Compute confidence intervals for the mean of each column in the data using bootstrapping. :param data: 2D array of shape (n_samples, n_features). :type data: np.ndarray :param confidence_level: Confidence level for the intervals (e.g., 0.95). :type confidence_level: float :param n_resamples: Number of bootstrap resamples to perform. :type n_resamples: int

Returns:

Lower and upper bounds of the confidence intervals for each column.

Return type:

Tuple[np.ndarray, np.ndarray]

Raises:

ValueError – If confidence_level is not between 0 and 1 or n_resamples is not positive.

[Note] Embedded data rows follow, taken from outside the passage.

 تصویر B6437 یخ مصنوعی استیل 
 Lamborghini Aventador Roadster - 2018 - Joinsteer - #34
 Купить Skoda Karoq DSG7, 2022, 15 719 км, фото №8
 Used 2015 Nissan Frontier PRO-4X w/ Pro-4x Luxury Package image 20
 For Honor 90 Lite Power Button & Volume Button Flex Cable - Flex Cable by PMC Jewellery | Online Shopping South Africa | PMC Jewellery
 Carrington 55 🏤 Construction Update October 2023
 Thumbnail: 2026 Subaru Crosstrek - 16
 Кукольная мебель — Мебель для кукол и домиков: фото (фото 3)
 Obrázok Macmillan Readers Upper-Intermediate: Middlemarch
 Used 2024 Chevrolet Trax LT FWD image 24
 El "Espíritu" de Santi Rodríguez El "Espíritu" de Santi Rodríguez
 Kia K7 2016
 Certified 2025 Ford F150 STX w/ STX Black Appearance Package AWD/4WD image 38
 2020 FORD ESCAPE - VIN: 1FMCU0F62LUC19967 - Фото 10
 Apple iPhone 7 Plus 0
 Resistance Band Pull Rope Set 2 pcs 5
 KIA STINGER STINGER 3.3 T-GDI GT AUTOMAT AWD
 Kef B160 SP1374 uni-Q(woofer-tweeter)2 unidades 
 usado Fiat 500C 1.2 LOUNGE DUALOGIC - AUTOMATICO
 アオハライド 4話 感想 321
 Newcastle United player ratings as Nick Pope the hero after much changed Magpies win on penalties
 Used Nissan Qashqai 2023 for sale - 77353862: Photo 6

reemission.salib.visualize.calculate_pr_half_width(variance: float, pred_interval: float = 95) float[source]

Calculate the half-width of the prediction interval. :param variance: The variance of the model output. :type variance: float :param pred_interval: The prediction interval percentage (default is 95). :type pred_interval: float

Returns:

The half-width of the prediction interval.

Return type:

float

Raises:

ValueError – If variance is negative or prediction interval is not between 0 and 100

Functions

bootstrap_ci(data, confidence_level, n_resamples)

Compute confidence intervals for the mean of each column in the data using bootstrapping.

calculate_pr_half_width(variance[, ...])

Calculate the half-width of the prediction interval.

Classes

SobolResultVisualizer(results, par_name_map, ...)

Visualizes Sobol sensitivity analysis results.

SobolScenarioResultsVisualizer(sc_results)

Visualizes Sobol sensitivity results with defined scenarios.